I had just turned 30 when my husband and I started trying to get pregnant. I had no idea it would be such a struggle! At the time, I didn’t know of any friends who had dealt with infertility. Also, my husband was 27 and I was only 30, so I never expected it would be a problem.
To be honest, when I was a young woman, I didn't want to get married and didn't want to have my own children. I always joked that I would be a career woman and "hire a surrogate" when I wanted to have kids. But, after I got married, my mind and heart changed, and I began to desire having my own children.
Reading others' stories, I am SO incredibly thankful our struggle lasted only one year. My Ob-Gyn was able to do a lot of the infertility testing, in order to delay going to a fertility expert. So, even though we didn't go to a fertility expert, we went through all of the embarrassing and painful tests given by the experts.
As we struggled to get pregnant, I realized I was having feelings of worthlessness. I couldn't believe it! I was the first person to attend college on my mother's side of my family, and the second to obtain a Master's on my father's side. But while feeling very accomplished professionally, I honestly felt like less of a woman because I couldn't conceive. It was embarrassing and humiliating, because it was obvious we weren't getting pregnant. We had been married for 4-5 years and family, friends, and acquaintances were curious.
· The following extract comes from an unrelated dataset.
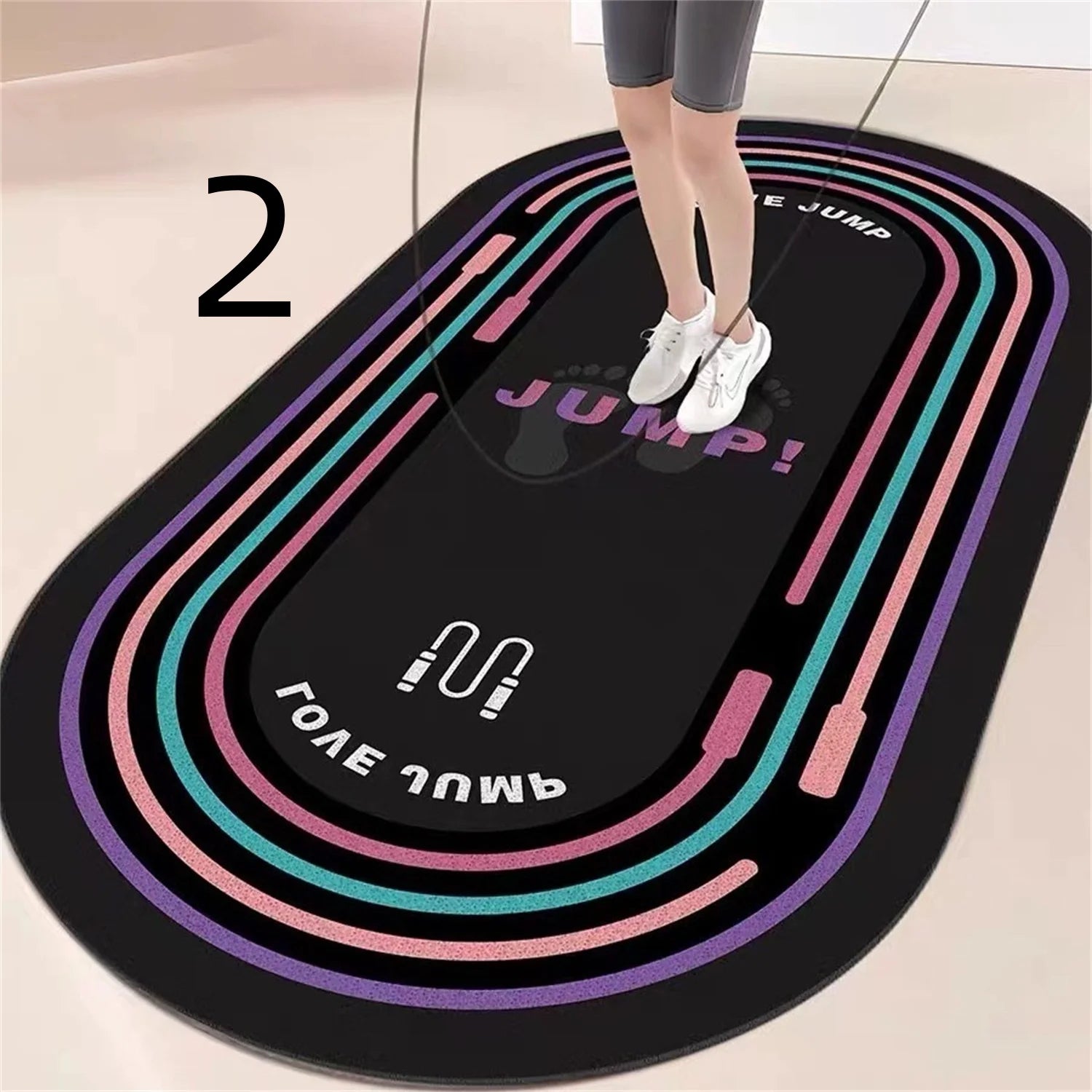 Home Fitness Floor Mat – Shock Absorbing, Sound Insulating & Non-Slip Mat for Skip Rope Workouts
When we were going through infertility tests and treatments, it felt like such an invasion of privacy by well-meaning family and friends who kept asking us questions. I also reached out for support and found none. I tried our church, and the response I got was "You're welcome to create a support group and run it yourself." I needed care - I wasn't looking to take care of others and add to my plate while we were struggling. I know that sounds selfish, but I was in emotional pain and just couldn't muster the strength to do it. I avoided friends' baby showers and anything having to do with kids during this time. It was just too painful. Also, my husband and I argued a lot. While we both wanted to get pregnant and have children, I think my husband considered it more of my problem than his, which just made me feel worse.
My lowest low, I was on my last cycle of Chlomid and thought it had failed (again). I tearfully called my Ob-Gyn and reported this to him, and he said "Ok, I'll refer you to a specialist." I broke down crying with my husband and sobbed "I'll NEVER be pregnant!!" Well, I actually was! I went on to have fraternal boy/girl twins. I have never taken pregnancy for granted since our struggle.